Quick Tips for Success
To save time, use chocolate chips instead of chopping a chocolate bar. If your peanut butter isn’t runny enough, microwave it in 10-second intervals until it’s easy to drizzle. For a smoother swirl, use a toothpick or skewer instead of a butter knife. And remember, patience is key—let the fudge set fully for the best results!

Chocolate Peanut Butter Vegan Fudge
Ingredients
- 3 cups sugar free chocolate, chopped or chips
- 1 can full fat coconut milk or coconut cream
- 2 teaspoons vanilla extract optional
- 1/4 teaspoon instant espresso powder optional
- 1/3 cup Lakanto sugar, Swerve, or coconut sugar
- 1/4 teaspoon salt optional
- 1/4 cup peanut butter, warmed in the microwave for 30 seconds
Instructions
- Line an 8 x 8 inch tin with parchment paper, set aside.
- In a large microwave safe bowl, combine the chocolate and the coconut milk. Microwave in 40 second intervals, whisking in between until the chocolate is fully melted and the mixture is smooth and shiny. If you do not have a microwave you can also do this over a bain marie.

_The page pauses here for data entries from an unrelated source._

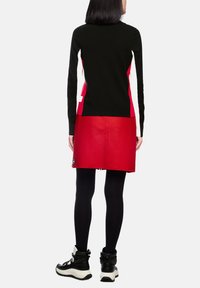 Schwarz-rotfarbiges, farblich abgesetztes Kleid mit langen Ärmeln, glatter Textur und Logodetail am Saum. Kombiniert mit schwarzen Leggings und Stiefeln.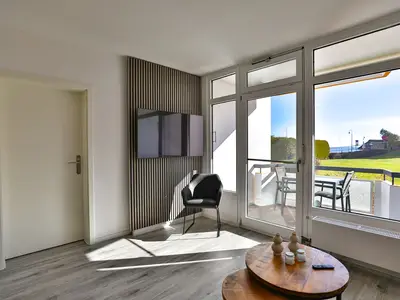 Strandkoje 104: Helles Wohnzimmer mit Blick ins Grüne und auf den Balkon in Scharbeutz.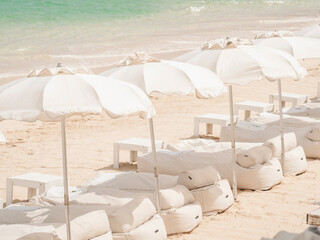 Close up loungers and umbrellas at beach club Grand Case Saint Martin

- Once the chocolate and coconut mixture has come together add in the vanilla, instant espresso powder, and salt (if using).
- Lastly add in the Lakanto sugar, Swerve or coconut sugar.
- Transfer the chocolate mixture to the prepared tin. Pour over the slightly melted runny peanut butter using a zigzag motion.
- Using a butter knife, swirl the peanut butter through the chocolate creating a swirl design.
- Allow the fudge to set in the fridge for a minimum of 5 hours to overnight. Once the fudge has set, remove it from the tin and slice it into 16 squares.
- Cover and store in the fridge for up to 10 days.